=== Data for review ===
════════

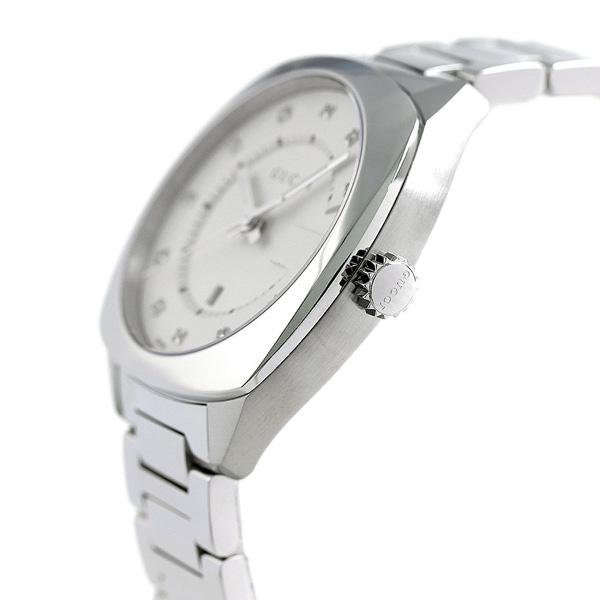 Gucci GG2570 Diamond White Dial Silver Steel Strap Watch For Women - YA142403 Watches Gucci   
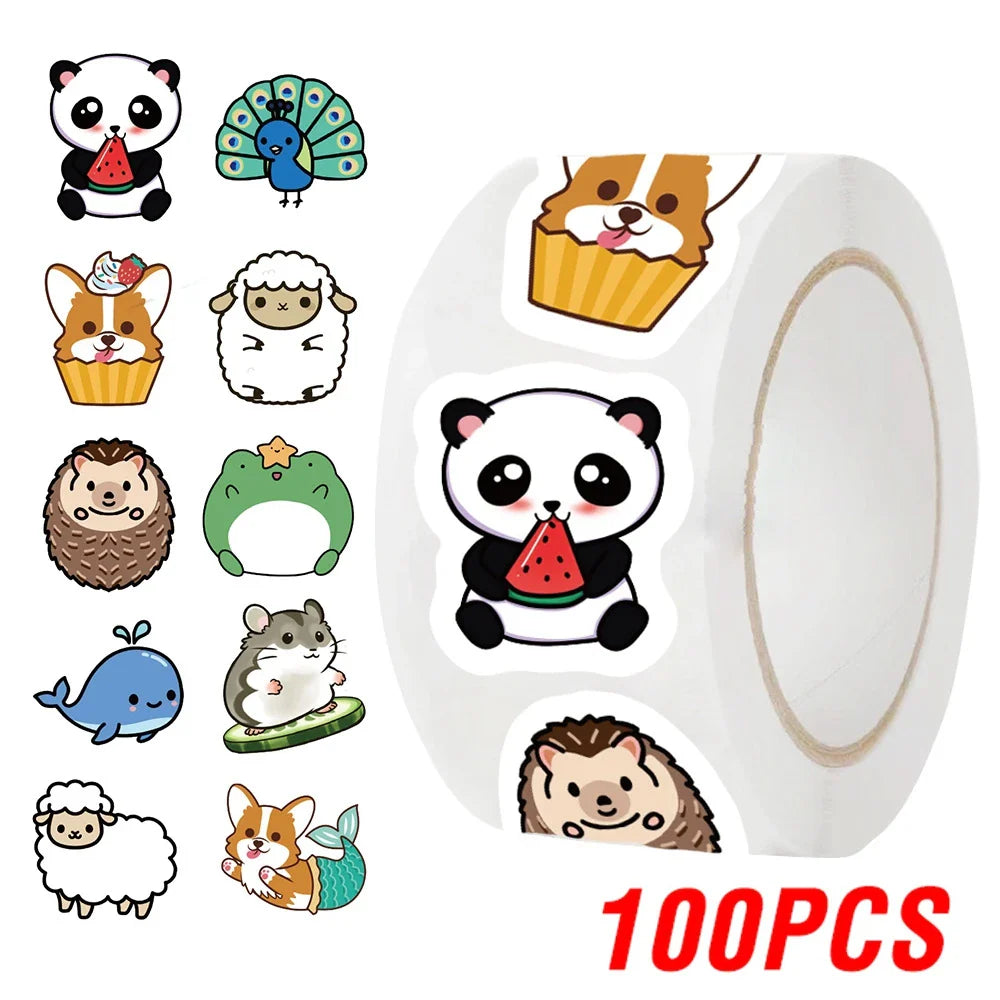 100-500pcs Animals Pandas Cartoon Graffiti Stickers DIY Phone Guitar Laptop Notebook Suitcase Waterproof Sticker Kids Toy (Online Order Only)
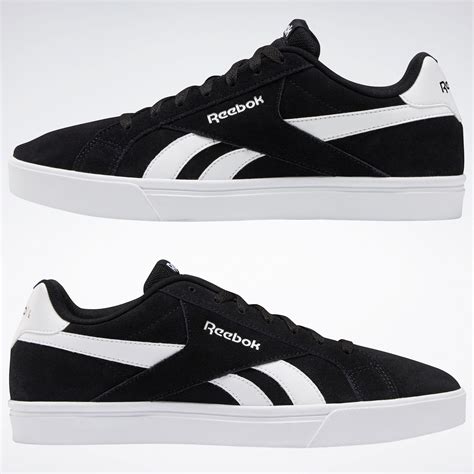 Reebok Royal Complete 30 Low Shoes In Black White Reebok Official Uk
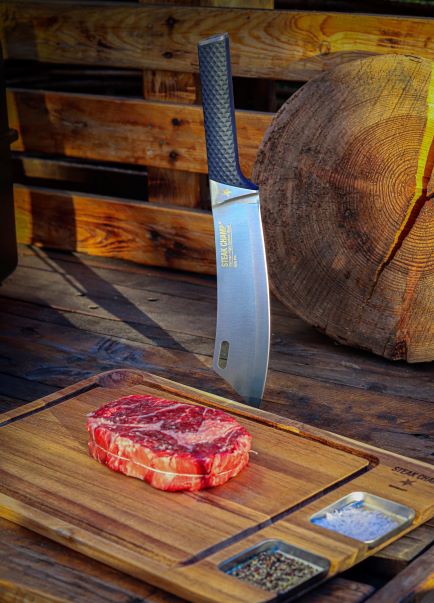 קרש עץ לחיתוך והגשת בשר | Steak Champ
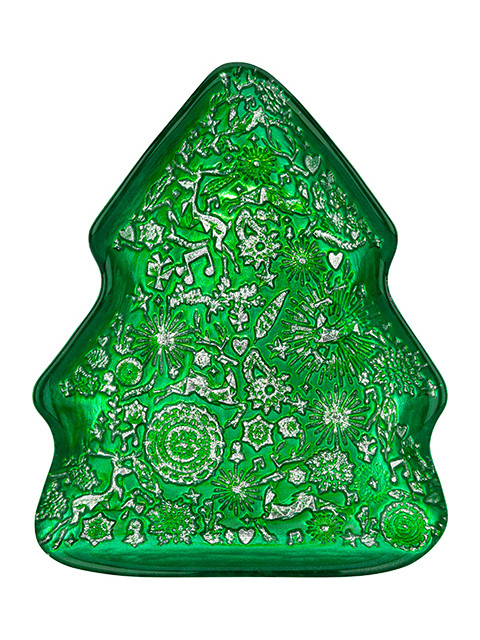 

Блюдо Elan Gallery Елочка 24x19x2.5cm Green-Silver 120826, Елочка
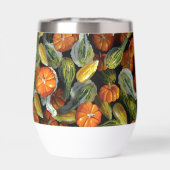 カボチャ、カボチャ秋の収穫ワインタンブラー (背面)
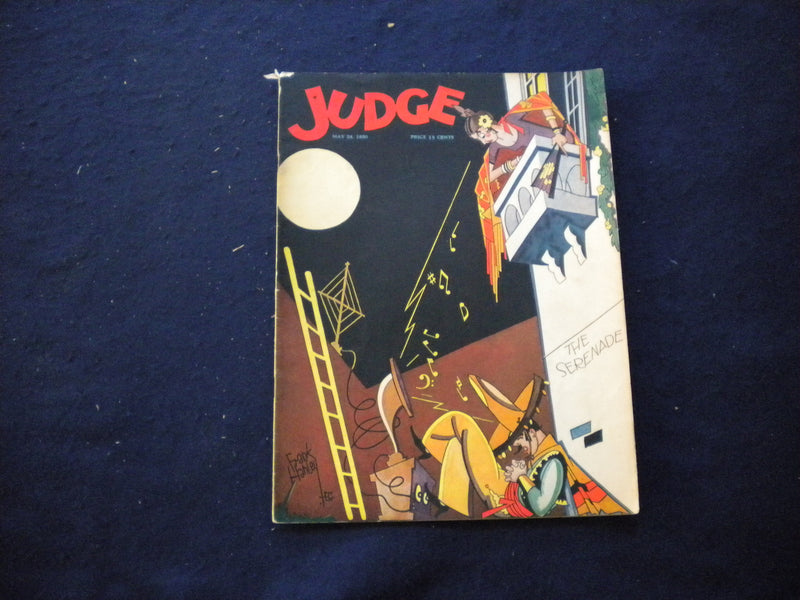 1930 MAY 24 JUDGE MAGAZINE - THE SERENADE - B 438H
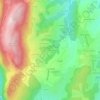 Mappa topografica Le Chenet, altitudine, rilievo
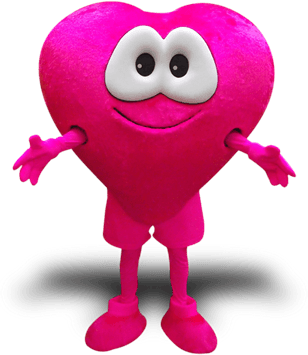 HEART CHARACTER COSTUMES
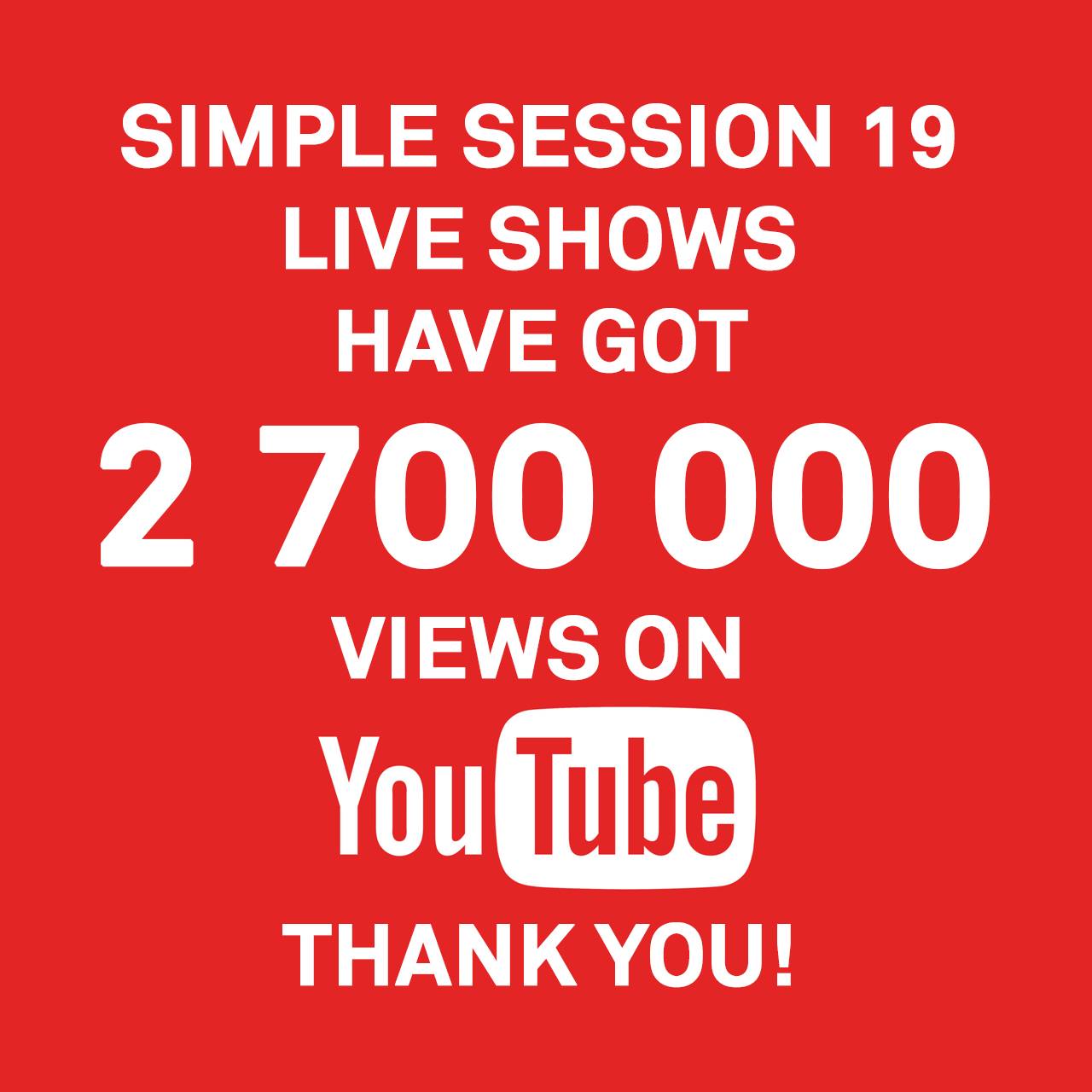 Simple Session - We are super stoked on how many fans Simple Session ...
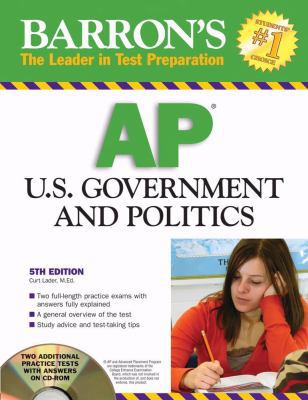 Barron's AP U.S. Government and Politics [With ... 0764194046 Book Cover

════════

In the listing above, find the line holding "קרש עץ לחיתוך והגשת בשר | Steak Champ" and the line holding "HEART CHARACTER COSTUMES". Reproduce those two lines and all between them exactly, leaving out pictures.

=== Solution to this task ===
 קרש עץ לחיתוך והגשת בשר | Steak Champ

Блюдо Elan Gallery Елочка 24x19x2.5cm Green-Silver 120826, Елочка
 カボチャ、カボチャ秋の収穫ワインタンブラー (背面)
 1930 MAY 24 JUDGE MAGAZINE - THE SERENADE - B 438H
 Mappa topografica Le Chenet, altitudine, rilievo
 HEART CHARACTER COSTUMES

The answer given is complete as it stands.